Bir müddet hatırlıyamadı, sonra gülerek:
«Evet, hakkınız var, fakat artık benim tavsiyelerimi dinlemiyor. O zaman daha pek küçüktü... On iki yaşında filân... Aman Yarabbi, seneler ne çabuk geçiyor!..»
«Evet... Fakat siz hiç değişmemişsiniz!»
«Siz de!»
Biraz evvel daha samimi olduğunu hatırladım ve sesimi çıkarmadım.
Aşağıya doğru yürüyorduk. Maria Puder hakkında soracağım şeylere nasıl başlıyacağımı bir türlü bilmiyor, hep lüzumsuz, beni alâkadar etmiyen mevzularda dolaşıyordum.
«Ankaraya niçin geldiğinizi hâlâ söylemediniz!»
«Ha, evet, bakın asıl bunu anlatayım... Biz Ankaraya gelmedik, Ankaradan geçiyoruz... Geçerken uğradık.»
Bir limonatacıda beş dakika oturmağa razı oldu ve hikâyesine orada devam etti:
«Kocam şimdi Bağdatta... Biliyorsunuz ya, o müstemleke tüccarıdır!»
«Ama Bağdat Alman müstemlekesi değil galiba!»
«Biliyorum canım... Fakat kocamın sıcak memleket mahsulleri üzerinde ihtisası var. Bağdatta hurma üzerine iş yapıyor!»
«Kamerun’da da hurma ticareti mi yapıyordu?»
Kadın, «Pek münasebetsizsin!» der gibi yüzüme baktı:
«Bilmiyorum, kendisine mektup yazın ve sorun! Kadınları ticaret işlerine karıştırmıyor!»

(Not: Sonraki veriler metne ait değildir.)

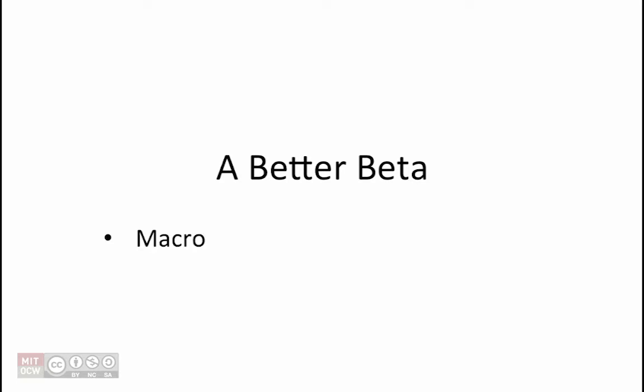The simplest addition would be a macro that references a single already existing beta instruction. If our new instruction cannot be implemented by simply defining a macro, then we want to consider whether adding a new opcode and producing the appropriate control ROM signals will work.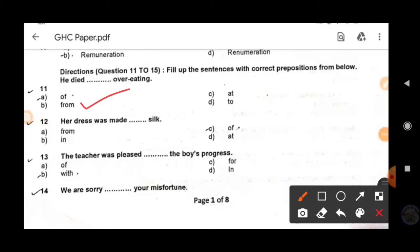Next: 'Her dress was made ___ silk.' The answer is 'of' — 'made of silk.' 'Made of' is used when the material does not change its physical quality. Option C is correct. However, 'made from' is used when the physical shape and quality of the material completely changes — for example, 'Curd is made from milk,' because milk changes its form.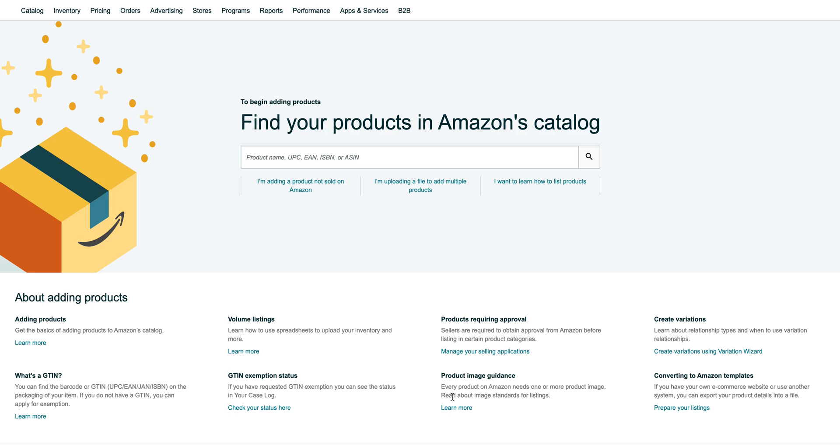Today I'm going to show you how to create a variation listing in Amazon Seller Central. The variation theme that we're going to go for is size and color. So for example, if you have three sizes and three colors, I'm going to show you how to create that very quickly. It should take under five minutes, so I'm just going to jump right into it.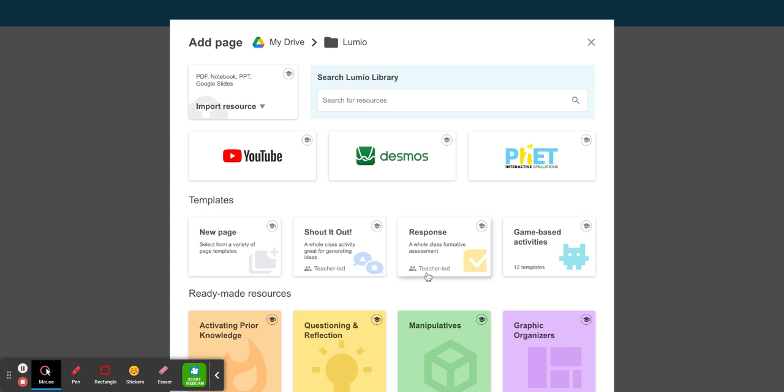Now notice it does say teacher led, so the teacher will have to launch this in order for students to be able to access it. They will not be able to access it asynchronously.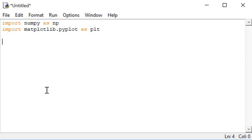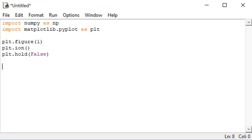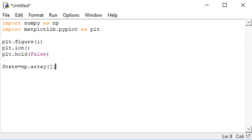Let's start our code by setting up the plot. I'm going to set up the plot to allow animations like we did in the parallel mechanisms lab. Now I'm going to need to keep track of the robot's current state, so I'll create a variable called state. It will be an array. In this problem, the robot's state is the same thing as its location. Let's start out by having our robot start in location 1, 1.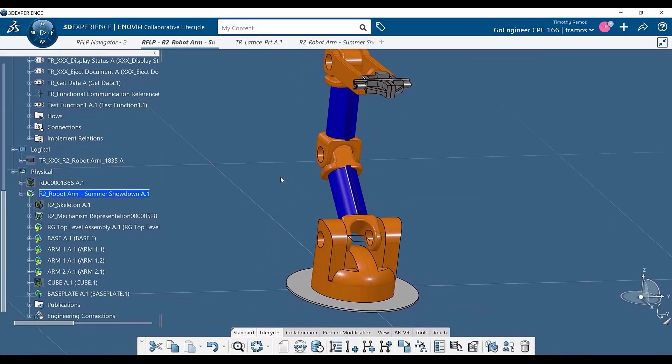With MBSE powered by 3DEXPERIENCE CATIA, all of these aspects are interconnected once more, providing a single source of truth around your projects, ensuring that the data you are working with is always the latest and most up-to-date.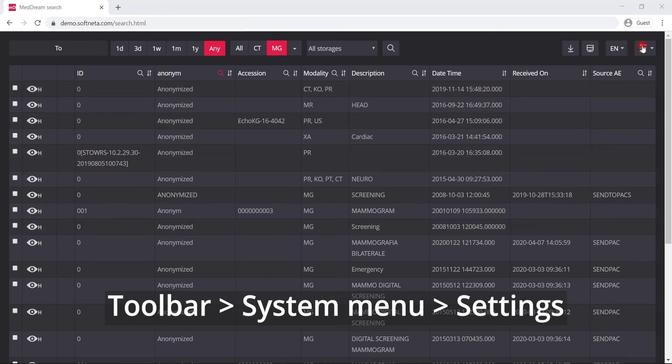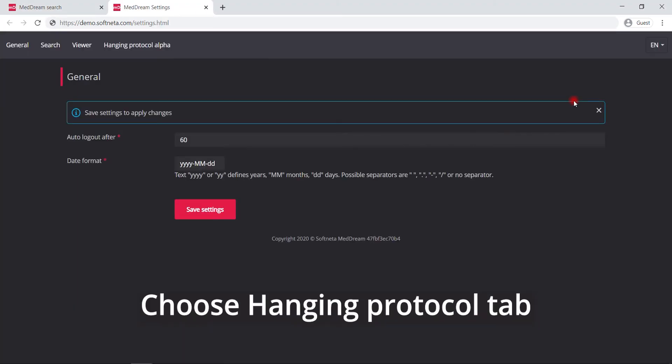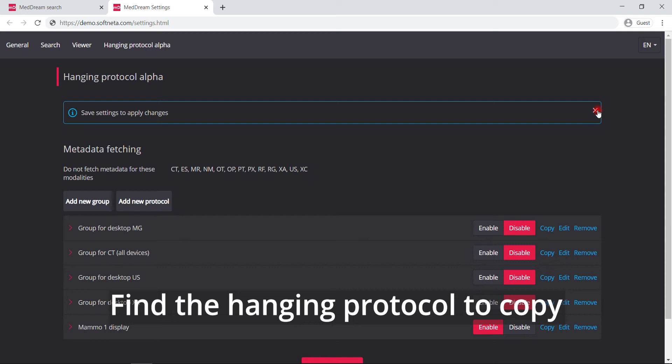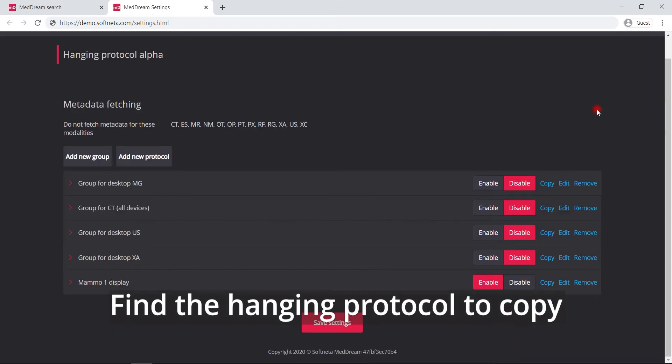Press the system menu button on toolbar and then click on settings. Choose hanging protocol tab.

«Şimdi nereye gidiyorsunuz!»
«Berline... Hem memleketi ziyaret; hem de...» yanında oturan soluk benizli çocuğu gösterdi:
«Hem de bu çocuk için... Biraz zayıf diye kışı bizim yanımızda geçirdi. Şimdi tekrar alıp götürüyorum.»